小寄道

日々生あるもの、魂が孕むものにまなざしをそそぐ。凡愚なれど、ここに一服の憩をとどけんかなと想う。

花まつりの向こう側ー②(続き)

2017年04月10日 | 国際・政治

 

アイデンティティとか文化といった高度に複雑な問題が、まるで漫画の世界に存在するかのように扱われ、容赦なく殴り合いを続けるポパイとプルートーのように、一方がつねに相手方よりも徳が高く優位にある、というようなかたちで描かれている。  E.W.サイード「戦争とプロパガンダ」より

▲自室のノートPCでブログを書く。ほぼ満開となったソメイヨシノ。残念ながら天気悪し。

 

前回の記事の続きを書く。

不穏な動きは中東だけではない。私たちのお隣さんの国のこと。

いつのまにかミサイルの性能を向上させた北朝鮮である。10年ほど前になるが、「北朝鮮の核」という記事を書いたことがある。ならずもの国家というよりも、アメリカの軍産複合ストラテジーによって泳がされている、自暴自棄かつ世界のKY国家。あの金正日の時代は井の中の蛙状態にあり、よく言えば唯我独尊の我が儘国家であった。

その北朝鮮は世界のKY国家であることに変わりない。が、息子の金正恩は異様なタレント性を発揮、かつ暴走し始めた。あれよというまに国際的パワーバランスをかく乱させる、脅威的プレゼンスを示す国家にまで成り上がってしまったのだ。

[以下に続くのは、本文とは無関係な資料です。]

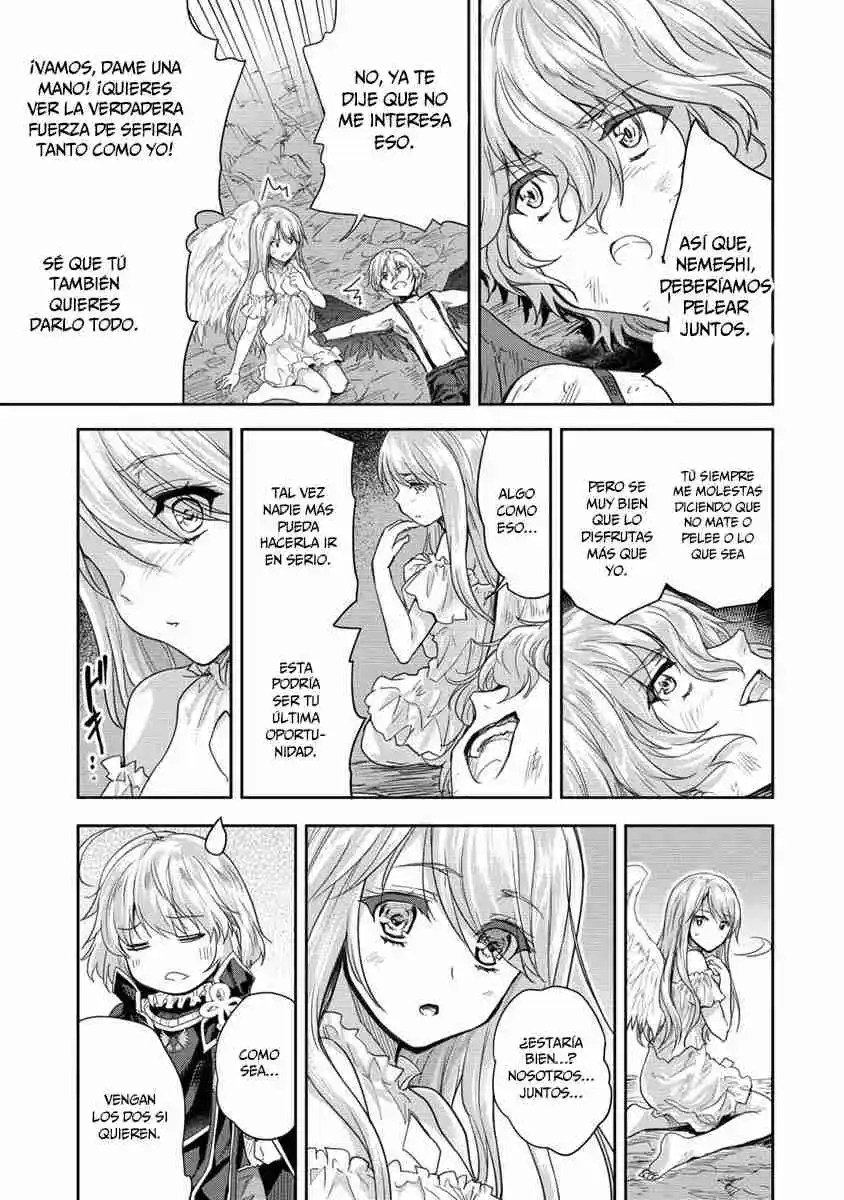 Shindou Sefiria No Gekokujou Program - Capítulo 35 - Página 37 - LectorTMOo
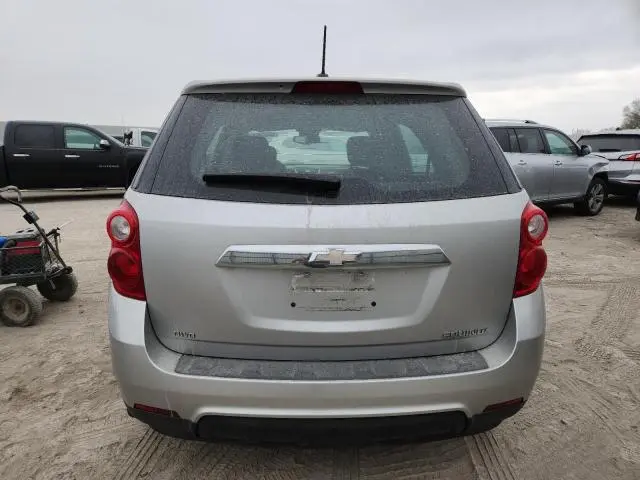 2015 CHEVROLET EQUINOX LS  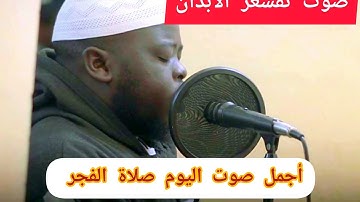 صلاة الفجر اليوم 😭🇸🇩تلاوة في قمة الجمال #duet #comedy #الشيخ_مسلم_بخاري
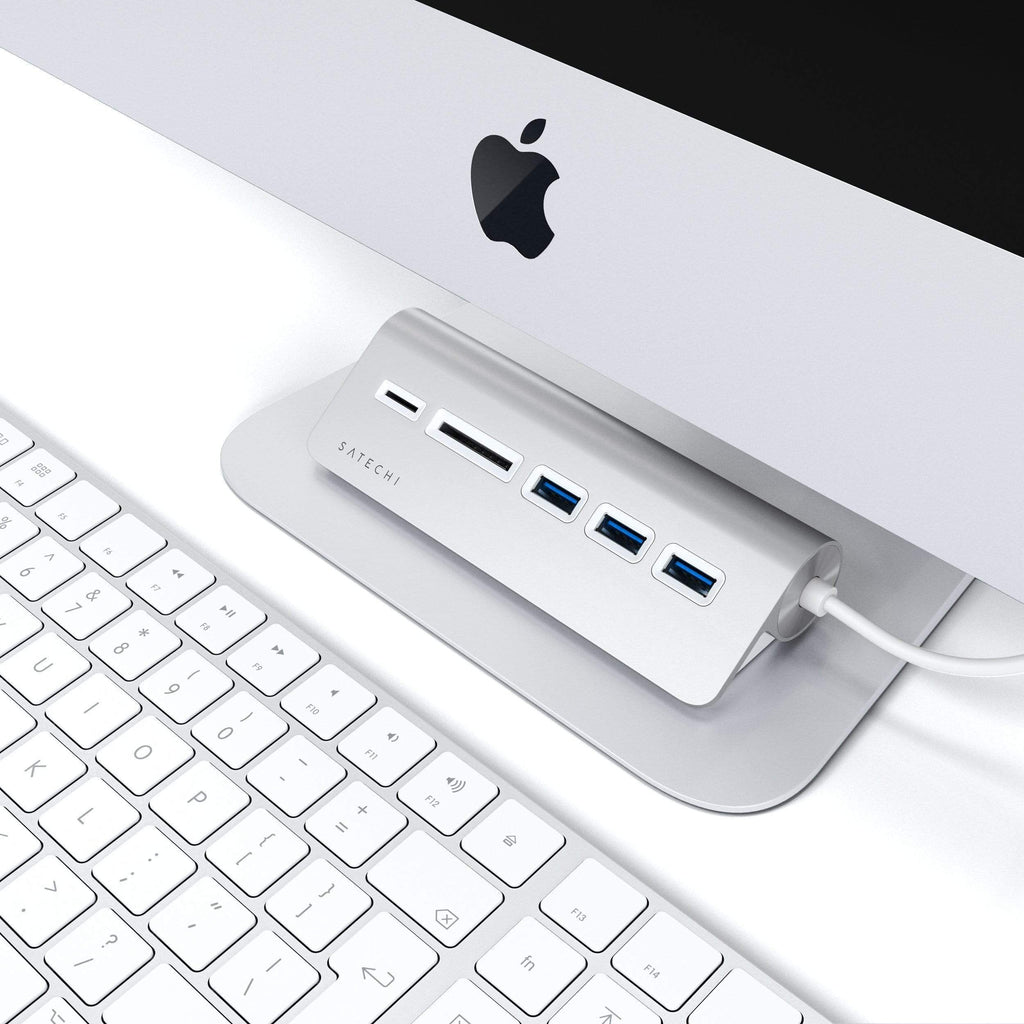 USB-C-Kombi-Hub für Desktops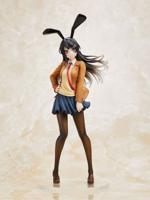 Rascal Does Not Dream Of Bunny Girl Senpai Mai Sakurajima School Uniform Bunny Ver. - thumbnail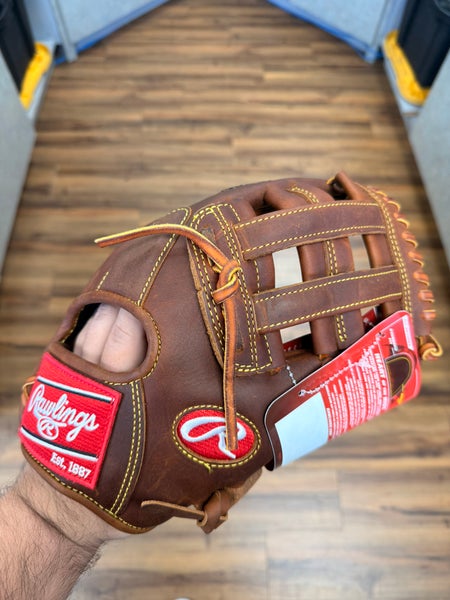 Rawlings Heart of the Hide RH Infield Baseball Glove 12" PRONA28 (New)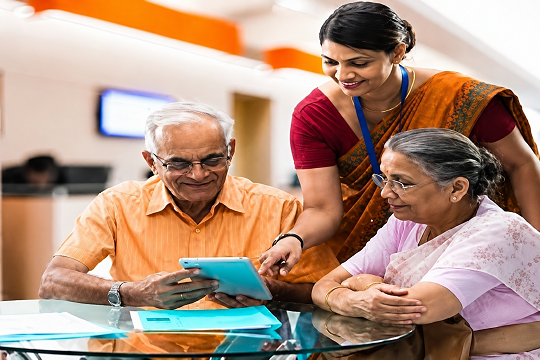 Pension Deposit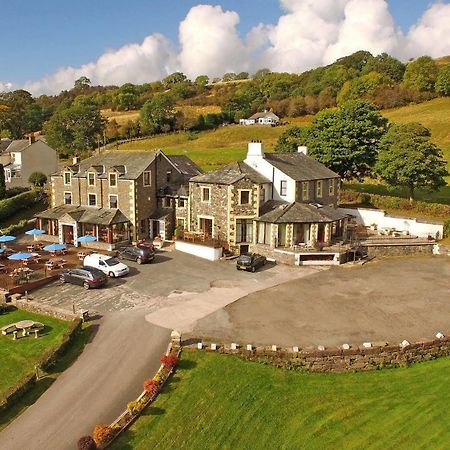 Embleton Spa Hotel & Apartments Eksteriør billede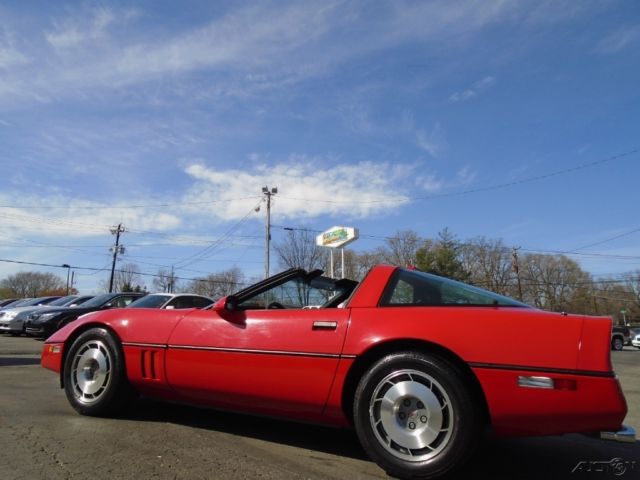 1987 Chevrolet Corvette Hatchback - photo 4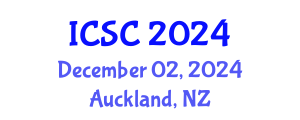 International Conference on Sociology and Criminology (ICSC) December 02, 2024 - Auckland, New Zealand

ご承知のごとく、金正恩の義兄暗殺事件がクアラルンプールで起きた。その背景には以下に述べることの、金正恩の過剰な反応が顕われたといえるかもしれない。これがなくとも、核実験や新型ミサイルの度重なる発射などで、北朝鮮は国際的な危険国家の第一線に浮上していた。父親のDNAを引き継ぐべく、疑心暗鬼の遺伝子をたっぷり貰っていることは確か。

一方アメリカは、韓国民の自己損傷愛の悪癖を見限った。そのうえで、中国、ロシア両国への政治・経済のミックスした牽制と駆引きを駆使しながら、北朝鮮が有効な政治的カードになるか総力をあげて模索し始めたのではないか。つまり、北朝鮮の地勢的な優位性に気づき、国家戦略を展開する橋頭堡として見做したことになる。(これは論理上の一つの仮説、いや妄想です)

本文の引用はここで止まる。